Not one, but three wide-ranging inquiries.
Not one, but a body of court cases and judgements.
Not one, but hundreds of resolved complaints.
But only one, potentially disastrous draft piece of legislation.
The debate over the Federal Government’s move to repeal existing laws designed to give victims of racism in Australia some recourse has generated tremendous heat, but little light.
Clearly, issues of racism, free speech and interpretations of the way societies function impact on the heart and soul of our nation.
Which is why the passions have been so intense, but also why it is so important that they are approached armed with knowledge and debated with integrity and honesty.
The first point – which can hardly be emphasised enough – is that there is a status quo in which anti-racism legislation operates and has been operating for almost two decades.
It is the Government enacting radical policy change in this regard, not supporters of the existing Section 18 of the Racial Discrimination Act.
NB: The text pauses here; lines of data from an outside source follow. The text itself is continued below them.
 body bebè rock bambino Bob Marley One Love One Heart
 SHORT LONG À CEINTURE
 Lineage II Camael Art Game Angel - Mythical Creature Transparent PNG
This is well-known to most people leading the public discourse. Yet in many quarters, the perception is current that some unidentified, but pejoratively labelled “social engineers” are trying to foist life-changing restrictions on free speech on a recently awakened Australian populace.
It is not unreasonable to ask the advocates of change to explain why they are driven to strip Australians of rights we have enjoyed for so many years?
The second fact that should be part of every serious discussion of this matter is the fact that the law we enjoy came about after a series of inquiries, reviews and extended political deliberation.
It came about after investigations into anecdotal reports that individuals, or groups of individuals, were harassing, intimidating and otherwise bullying other Australians on the basis of the victims’ perceived race, religion, nationality or ethnicity.
The National Inquiry into Racist Violence not only documented and verified a series of attacks perpetrated by racists around Australia, but also looked at the broader context in which these were taking place.
The lack of recourse for victims, or even clear articulation as to what was and what was not socially acceptable in Australia, was identified as a serious issue.
Unlike most of the people involved in this debate, I have actual knowledge of how the law changed the environment in this country, and how racist extremists responded to it.
I also have been involved in complaints which have been adjudicated, dropped due to the length of time it was taking to settle, conciliated and where perpetrators of racist harassment, defamation and incitement were subjected to court orders.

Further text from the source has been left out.